| PROBLEM TO WORK ON |
Reproduce all the lines below exactly and omit the images.
======== DATASET CONTENT
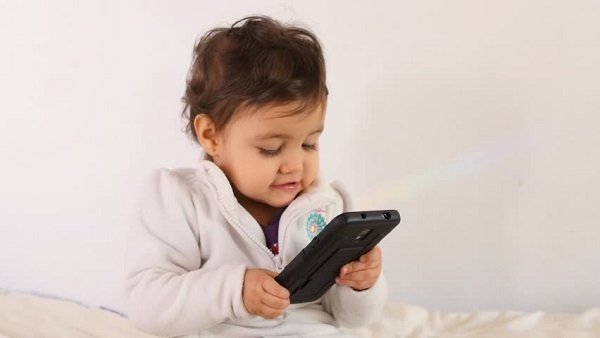 El riesgo de dejar a los bebés en manos del celular para entretenerlos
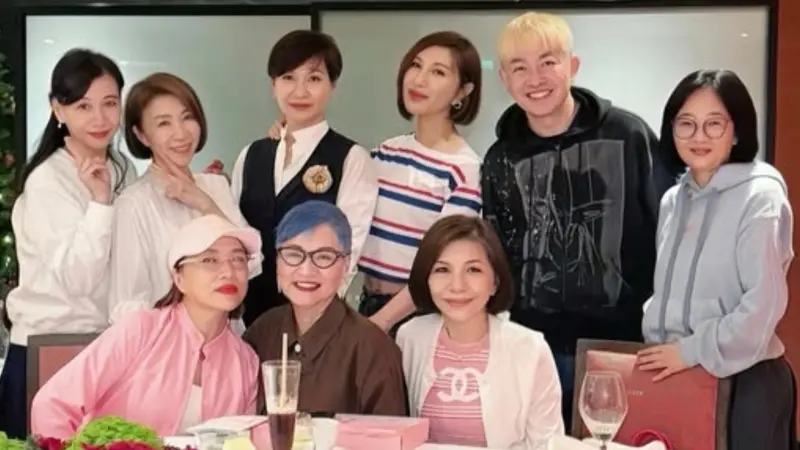 利菁一張聚餐照含金量爆表！6大天后罕見同框　一個比一個還大咖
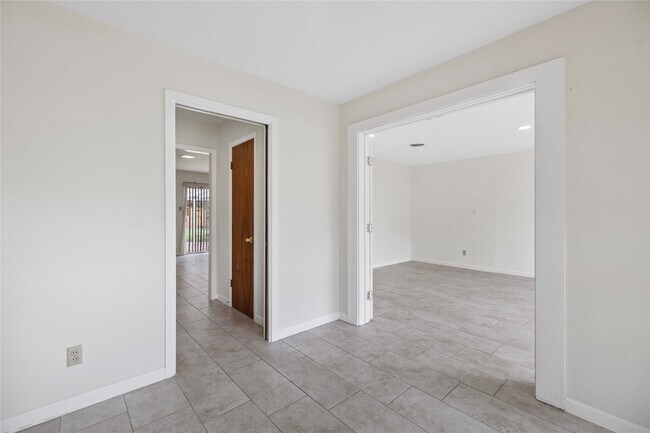 Foto del edificio - 4135 Levonshire Dr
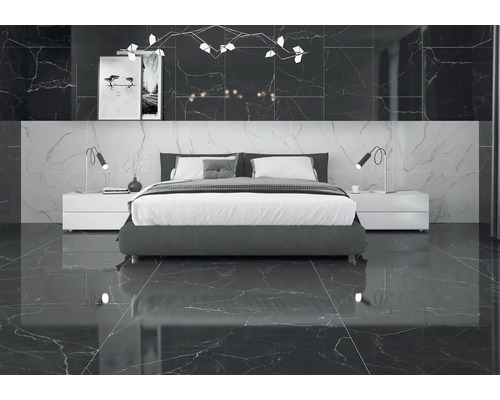 Spálňa s podlahovými a nástennými dlaždicami so vzhľadom mramoru, posteľou a nočnými stolíkmi.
================
| RESPONSE FOR THIS EXERCISE |
 El riesgo de dejar a los bebés en manos del celular para entretenerlos
 利菁一張聚餐照含金量爆表！6大天后罕見同框　一個比一個還大咖
 Foto del edificio - 4135 Levonshire Dr
 Spálňa s podlahovými a nástennými dlaždicami so vzhľadom mramoru, posteľou a nočnými stolíkmi.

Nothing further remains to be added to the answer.